To drive cumulative knowledge creation researchers and others must have access to high quality data and information on developments not just in their field but beyond. For instance, Jeff Furman and Scott Stern have calculated that Biological Resource Centres that are repositories of biological materials (including cell lines, microorganisms and DNA material) have boosted cumulative scientific knowledge by three times more than alternative institutional structures 2.Australian physicist Michael Nielsen has stressed the importance of unlocking scientific information in scientific journals to make it more easily discoverable, searchable and useable to enable the cross-disciplinary search for knowledge:

We should aim to create an open scientific culture where as much information as possible is moved out of people’s heads and labs, onto the network, and into tools which can help us structure and filter the information. This means everything – data, scientific opinions, questions, ideas, folk knowledge, workflows, and everything else – the works. Information not on the network can’t do any good.3

There is a lot more in this report – I recommend that South African researchers read it as they engage with our legislative process with an eye to preserving their expertise and independence in the process of ensuring that their research has maximum national impact.

1. Rip, A. (2000) Fashions, Lock-ins and the Heterogeneity of Knowledge Production. In Kraak, A. (ed.) Changing Modes: New knowledge production and its implications for Higher Education in South Africa. Pretoria: Human Sciences Research Council.

2. Furman, J. and Stern, S., Standing Atop the Shoulders of Giants: The Impact of Institutions on Cumulative Research, National Bureau Economic Research Working Paper. 2004.

3. http://michaelnielsen.org/blog/?p=448

Patents and open science – and that Bill again!
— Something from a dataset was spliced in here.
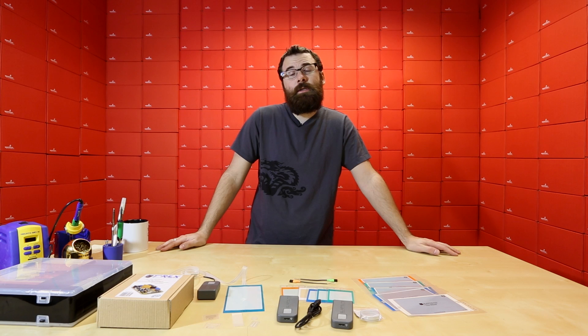Hello everyone, and welcome to another Friday new product post here at SparkFun Electronics. We've got a bunch of bright new stuff for you, so let's see what we've got.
Today is the last day for submissions on the Draft Bill for IPR for Publicly Funded Research. So it was good to see a very balanced and insightful article, Sharing the fruits of science by Glerry Toomey in University Affairs on the question of patents and the value of open science. In contrast to the obsessive insistence of the South African Draft Bill on patenting everything that can be patented and on commercialisation as the only way of getting benefit from research, Toomey makes it clear that international science is now taking other directions:

We … know that the social behaviour of modern science, and of the broader domain of innovation, is marked by a continual tug-of-war. At one end of the rope we find the forces of collaboration and sharing. At the other end are the instincts to compete and to protect one’s hard-earned intellectual property. While both kinds of behaviour lubricate scientific discovery and technological innovation, IP protection via patenting, with a view to future profits, has become a dominant trend in recent decades, particularly in the life sciences.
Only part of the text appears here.